◆ Supplied information
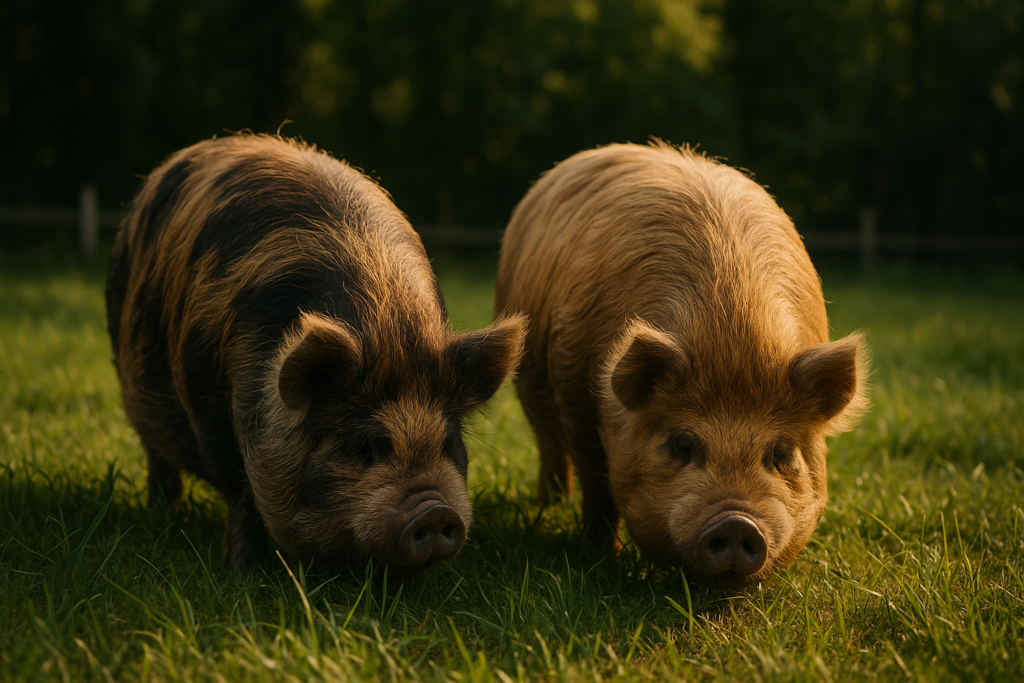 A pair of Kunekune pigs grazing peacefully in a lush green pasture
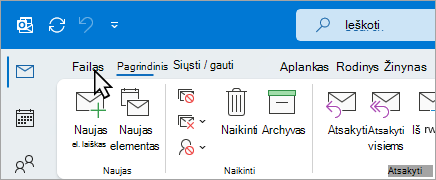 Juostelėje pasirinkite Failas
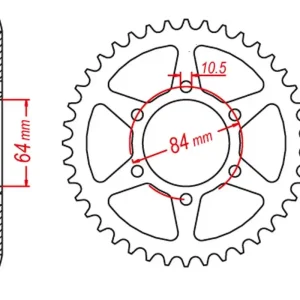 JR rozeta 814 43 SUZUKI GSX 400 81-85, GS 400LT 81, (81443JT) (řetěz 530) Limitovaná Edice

◆ Action item
The preceding listing must be repeated exactly, with all images dropped.

◆ Final answer
 A pair of Kunekune pigs grazing peacefully in a lush green pasture
 Juostelėje pasirinkite Failas
 JR rozeta 814 43 SUZUKI GSX 400 81-85, GS 400LT 81, (81443JT) (řetěz 530) Limitovaná Edice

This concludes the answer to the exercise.